Collected data
* * *

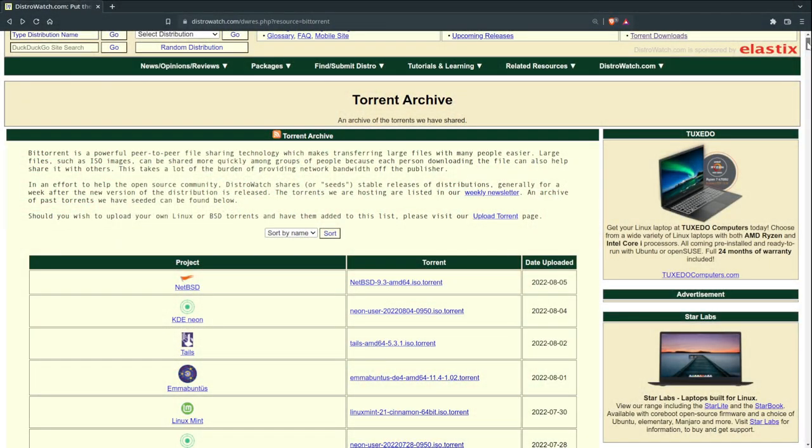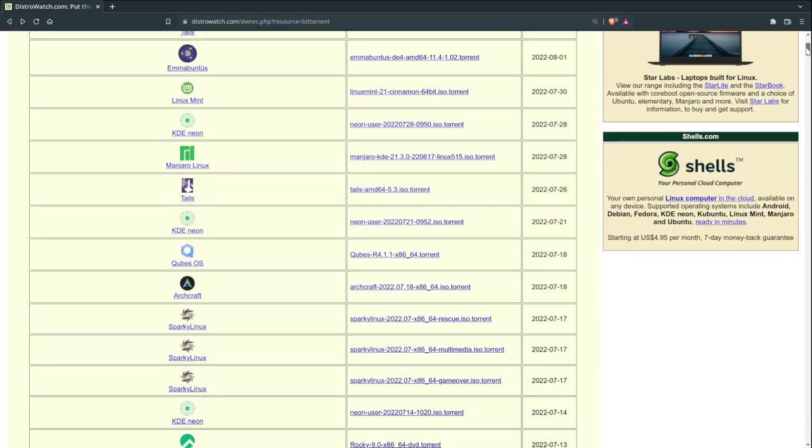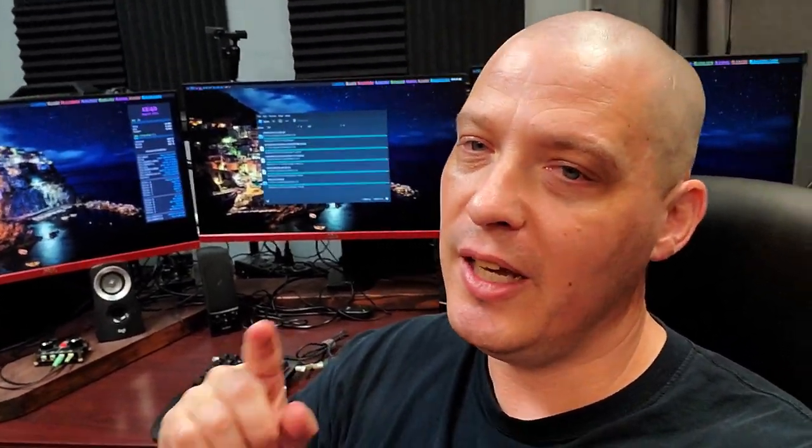Go to distrowatch.com — they actually have a torrent archive page. For any of their recent releases, if those Linux distribution releases had a torrent link, they'll give you the torrent link. Start seeding some of those ISOs because, again, especially the smaller Linux distributions out there, one of the biggest costs to them is bandwidth. It's a small thing, but it really helps.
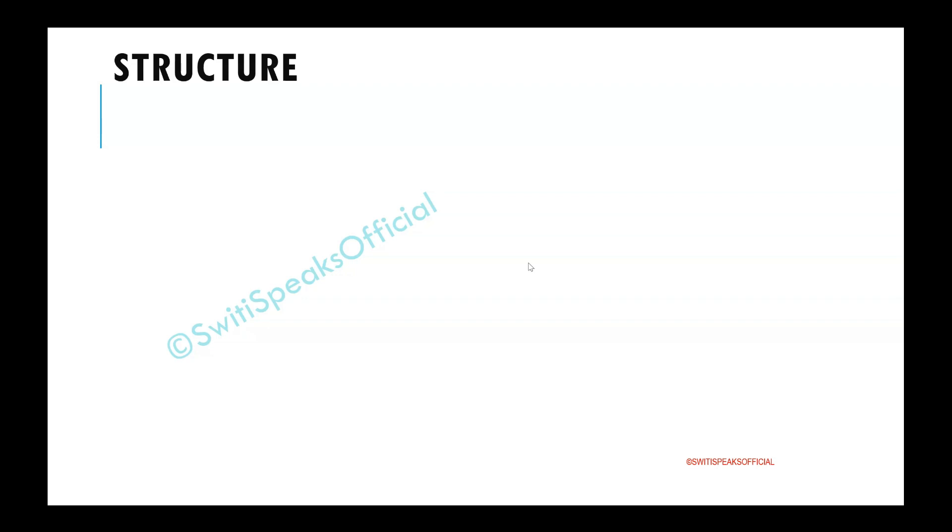Hello everyone. Welcome to SweetySpeak's official YouTube channel. Today's topic is Structure in System Verilog.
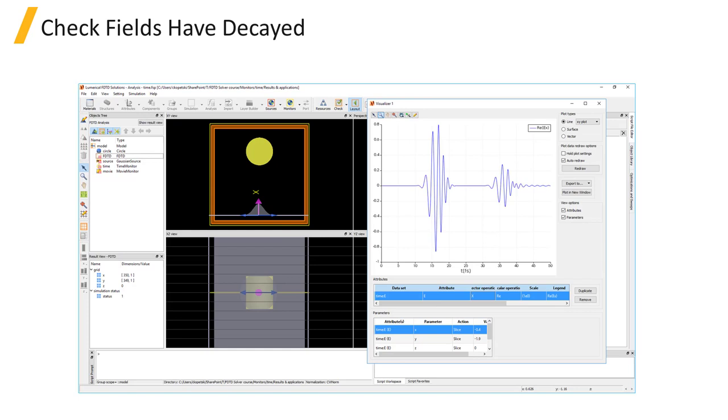We can plot the fields over time to check that the fields have decayed by the end of the simulation time. In the previous simulation, we also used it to check that the start time that we set was late enough that it didn't include the source pulse.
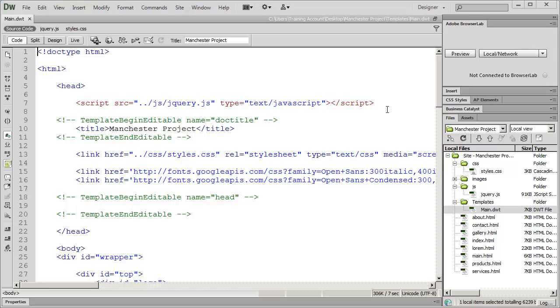But I did mention that there were some tools, including Adobe Browser Lab, that simulated browsers and allowed you to get some idea of the way your page was going to look in a particular browser.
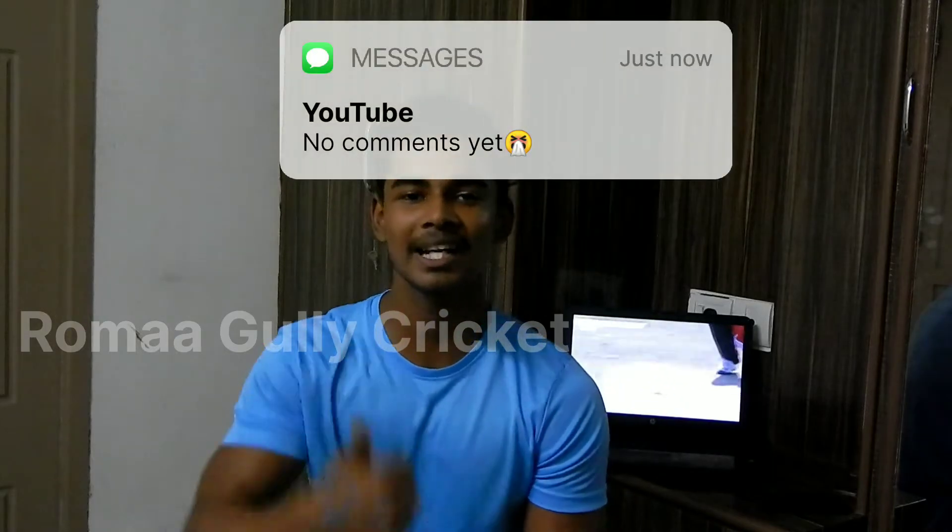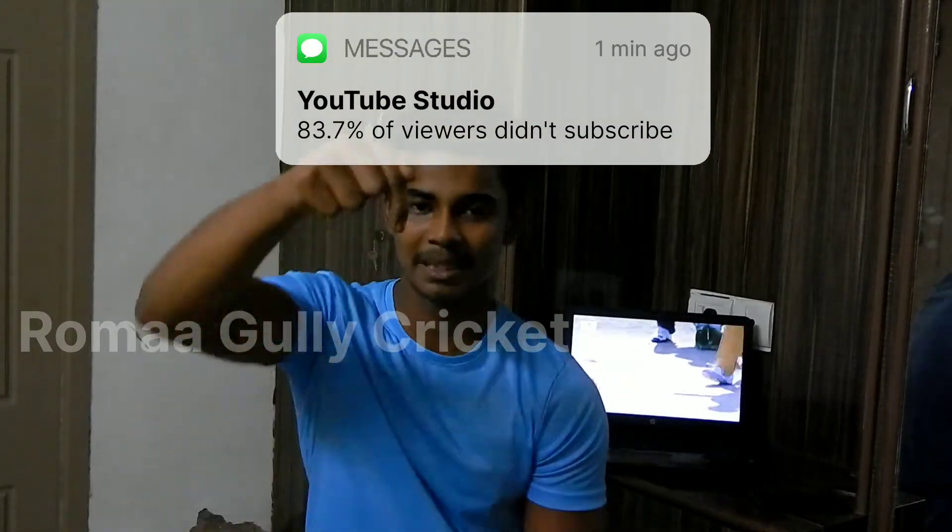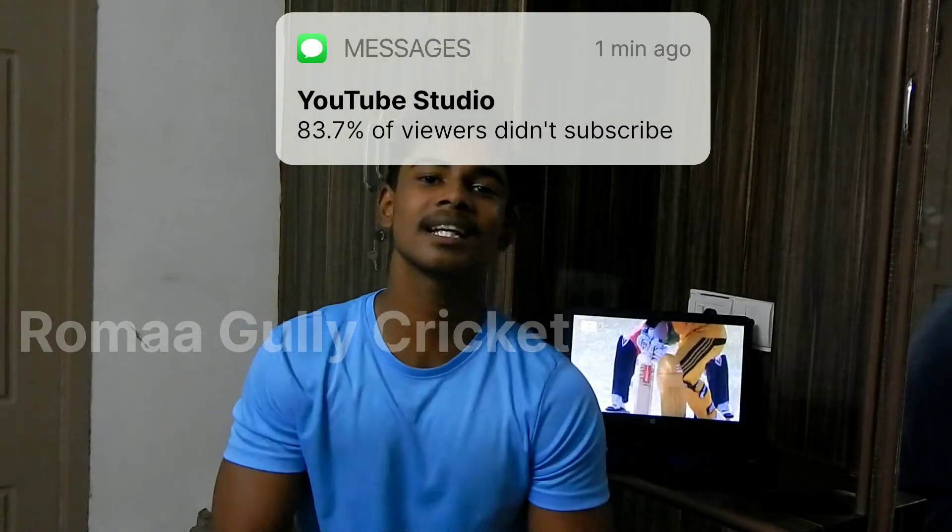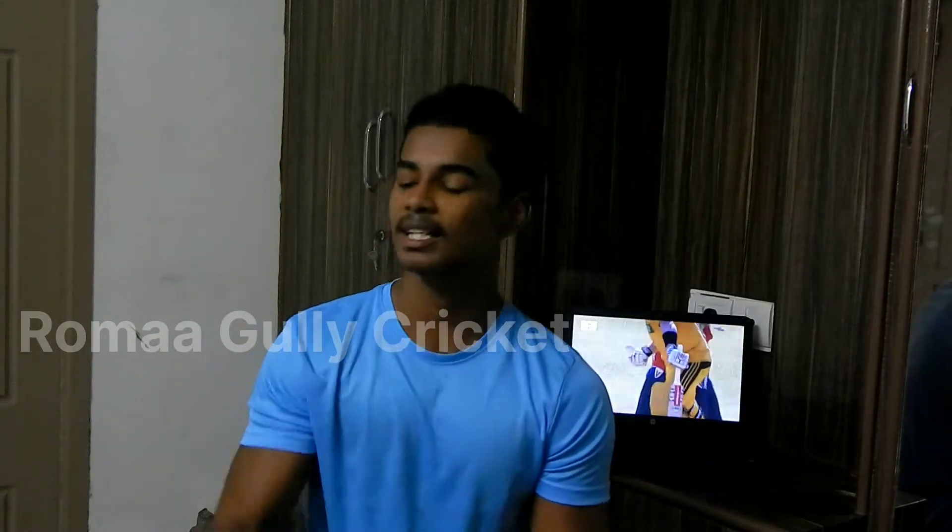If you try this one, you can try this one. If you like this, you can share it and subscribe. Thank you, Bhavadesh from RGC.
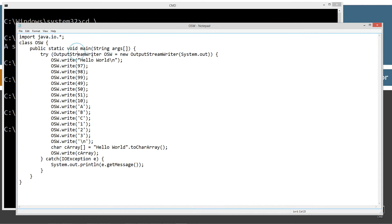The OutputStreamWriter here - I've got the OSW, which is the reference variable, new OutputStreamWriter. And I'm passing in System.out.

* * *

| Task to carry out |
The records above, minus their pictures, are to be returned word for word.

| Output of the task |
Go to distrowatch.com — they actually have a torrent archive page. For any of their recent releases, if those Linux distribution releases had a torrent link, they'll give you the torrent link. Start seeding some of those ISOs because, again, especially the smaller Linux distributions out there, one of the biggest costs to them is bandwidth. It's a small thing, but it really helps.
Hello everyone. Welcome to SweetySpeak's official YouTube channel. Today's topic is Structure in System Verilog.
We can plot the fields over time to check that the fields have decayed by the end of the simulation time. In the previous simulation, we also used it to check that the start time that we set was late enough that it didn't include the source pulse.
But I did mention that there were some tools, including Adobe Browser Lab, that simulated browsers and allowed you to get some idea of the way your page was going to look in a particular browser.
If you try this one, you can try this one. If you like this, you can share it and subscribe. Thank you, Bhavadesh from RGC.
The OutputStreamWriter here - I've got the OSW, which is the reference variable, new OutputStreamWriter. And I'm passing in System.out.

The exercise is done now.